Integrating with service-oriented architectures

In this page we will share certain best practices you can employ in your applications using Log4j Core to integrate them with service-oriented architectures. While doing so, we will also try to share guides on some popular scenarios.

Motivation

Most modern software is deployed in service-oriented architectures. This is a very broad domain and can be realized in an amazingly large number of ways. Nevertheless, they all redefine the notion of an application:

Deployed in multiple instances
Situated in multiple locations; either in the same rack, or in different data centers located in different continents
Hosted by multiple platforms; hardware, virtual machine, container, etc.
Polyglot; a product of multiple programming languages
Scaled on demand; instances come and go in time

Naturally, logging systems also evolved to accommodate these needs. In particular, the old practice of "monoliths writing logs to files rotated daily" has changed in two major angles:

Application delivers logs differently: Applications no longer write logs to files, but encode them structurally, and deliver them to an external system centrally managed.
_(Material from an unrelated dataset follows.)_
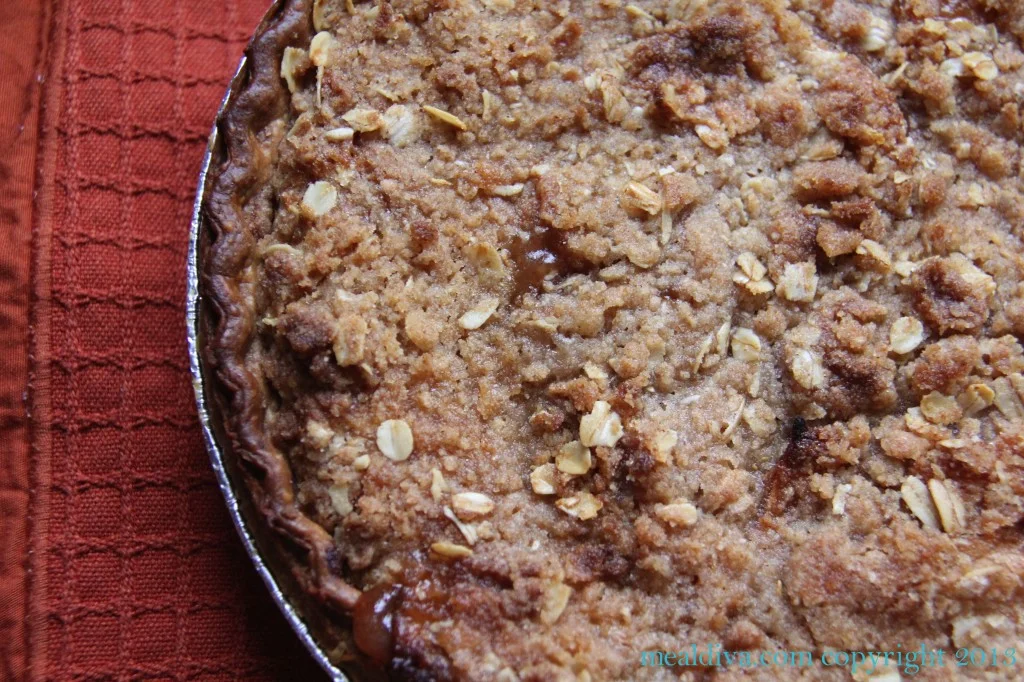 Apple + Pear Pie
Most of the time this is a proxy (a library, a sidecar container, etc.) that takes care of discovering the log storage system and determining the right external service to forward the logs to.
Platform stores logs differently: There is no longer /var/log/tomcat/catalina.out combining all logs of a monolith. Instead, the software runs in multiple instances, each is implemented in a different language, and instances get scaled (i.e., new ones get started, old ones get stopped) on demand. To accommodate this, logs are persisted on a central storage system (Elasticsearch, Google Cloud Logging, etc.) that allows advanced navigation and filtering capabilities.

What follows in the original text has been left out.